(PROBLEM DETAILS) Starting at the top of the entries below, print each line exactly until the line with "a living room" has been printed too.

Dataset excerpts:
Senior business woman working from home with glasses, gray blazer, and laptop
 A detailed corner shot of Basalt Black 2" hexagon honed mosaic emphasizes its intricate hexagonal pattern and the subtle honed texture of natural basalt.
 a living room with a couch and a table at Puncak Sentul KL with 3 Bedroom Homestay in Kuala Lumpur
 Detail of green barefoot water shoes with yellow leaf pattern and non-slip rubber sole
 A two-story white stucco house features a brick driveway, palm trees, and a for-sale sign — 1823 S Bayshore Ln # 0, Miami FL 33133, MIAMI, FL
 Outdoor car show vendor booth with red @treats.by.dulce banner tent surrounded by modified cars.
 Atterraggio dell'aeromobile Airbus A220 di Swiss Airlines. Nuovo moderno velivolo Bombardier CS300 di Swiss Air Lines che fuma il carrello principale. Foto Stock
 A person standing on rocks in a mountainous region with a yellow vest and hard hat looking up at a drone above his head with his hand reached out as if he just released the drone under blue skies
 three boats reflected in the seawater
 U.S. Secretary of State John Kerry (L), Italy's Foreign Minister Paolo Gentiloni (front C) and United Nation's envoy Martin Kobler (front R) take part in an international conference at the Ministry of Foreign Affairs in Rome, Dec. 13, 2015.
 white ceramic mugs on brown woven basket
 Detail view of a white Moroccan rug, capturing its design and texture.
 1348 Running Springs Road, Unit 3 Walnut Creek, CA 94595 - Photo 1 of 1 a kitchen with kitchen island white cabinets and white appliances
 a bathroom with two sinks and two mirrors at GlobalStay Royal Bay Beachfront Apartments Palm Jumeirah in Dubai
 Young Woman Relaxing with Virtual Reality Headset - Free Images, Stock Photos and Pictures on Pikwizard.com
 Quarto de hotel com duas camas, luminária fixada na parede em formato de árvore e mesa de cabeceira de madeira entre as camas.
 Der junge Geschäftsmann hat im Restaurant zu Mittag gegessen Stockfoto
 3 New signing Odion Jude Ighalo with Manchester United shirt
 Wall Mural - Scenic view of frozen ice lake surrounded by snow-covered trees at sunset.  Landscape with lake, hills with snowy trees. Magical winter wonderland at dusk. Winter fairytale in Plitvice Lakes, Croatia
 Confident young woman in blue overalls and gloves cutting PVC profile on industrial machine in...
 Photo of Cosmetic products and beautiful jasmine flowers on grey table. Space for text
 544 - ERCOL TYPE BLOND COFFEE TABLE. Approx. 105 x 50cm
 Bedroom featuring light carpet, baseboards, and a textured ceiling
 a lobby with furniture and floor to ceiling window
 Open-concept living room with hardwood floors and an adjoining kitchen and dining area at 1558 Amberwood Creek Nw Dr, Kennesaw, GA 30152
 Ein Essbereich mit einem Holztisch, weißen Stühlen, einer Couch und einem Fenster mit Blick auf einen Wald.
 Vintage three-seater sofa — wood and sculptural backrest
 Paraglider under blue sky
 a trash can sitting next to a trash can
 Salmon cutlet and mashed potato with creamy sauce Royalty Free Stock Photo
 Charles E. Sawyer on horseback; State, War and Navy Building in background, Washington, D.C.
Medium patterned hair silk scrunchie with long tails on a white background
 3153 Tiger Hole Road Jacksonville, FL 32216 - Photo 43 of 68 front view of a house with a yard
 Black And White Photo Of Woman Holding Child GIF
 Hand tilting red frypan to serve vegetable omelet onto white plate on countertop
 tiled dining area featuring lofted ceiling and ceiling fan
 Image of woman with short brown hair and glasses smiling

(TASK OUTPUT)
Senior business woman working from home with glasses, gray blazer, and laptop
 A detailed corner shot of Basalt Black 2" hexagon honed mosaic emphasizes its intricate hexagonal pattern and the subtle honed texture of natural basalt.
 a living room with a couch and a table at Puncak Sentul KL with 3 Bedroom Homestay in Kuala Lumpur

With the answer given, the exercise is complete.